### PROVIDED MATERIAL
<<<<
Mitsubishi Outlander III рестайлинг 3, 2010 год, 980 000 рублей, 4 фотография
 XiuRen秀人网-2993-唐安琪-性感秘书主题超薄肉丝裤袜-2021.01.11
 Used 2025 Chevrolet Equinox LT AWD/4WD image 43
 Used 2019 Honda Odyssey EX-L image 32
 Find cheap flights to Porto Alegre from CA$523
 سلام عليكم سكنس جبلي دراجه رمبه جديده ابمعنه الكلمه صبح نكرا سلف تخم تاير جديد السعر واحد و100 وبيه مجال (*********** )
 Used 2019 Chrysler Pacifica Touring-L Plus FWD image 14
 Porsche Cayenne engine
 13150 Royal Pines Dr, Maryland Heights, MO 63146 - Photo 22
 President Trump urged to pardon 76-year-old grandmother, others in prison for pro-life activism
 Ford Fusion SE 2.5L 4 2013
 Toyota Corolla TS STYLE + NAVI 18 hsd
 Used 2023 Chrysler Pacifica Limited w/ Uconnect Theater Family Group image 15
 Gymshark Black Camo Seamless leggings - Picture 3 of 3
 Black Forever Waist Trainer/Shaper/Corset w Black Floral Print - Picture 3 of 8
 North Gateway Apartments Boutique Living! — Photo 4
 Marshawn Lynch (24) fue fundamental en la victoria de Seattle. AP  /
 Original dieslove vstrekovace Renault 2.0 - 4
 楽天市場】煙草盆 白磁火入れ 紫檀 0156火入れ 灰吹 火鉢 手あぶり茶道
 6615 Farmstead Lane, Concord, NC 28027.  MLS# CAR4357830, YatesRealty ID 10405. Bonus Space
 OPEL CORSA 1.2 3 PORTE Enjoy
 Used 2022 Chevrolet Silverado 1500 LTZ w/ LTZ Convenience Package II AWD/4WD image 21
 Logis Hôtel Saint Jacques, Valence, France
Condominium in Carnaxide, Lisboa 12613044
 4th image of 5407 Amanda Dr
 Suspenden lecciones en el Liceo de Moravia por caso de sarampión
>>>>
### HOW TO COMPLETE THIS TASK
Go through the material and select each line with the string "Picture" in it.

### YOUR RESPONSE
 Gymshark Black Camo Seamless leggings - Picture 3 of 3
 Black Forever Waist Trainer/Shaper/Corset w Black Floral Print - Picture 3 of 8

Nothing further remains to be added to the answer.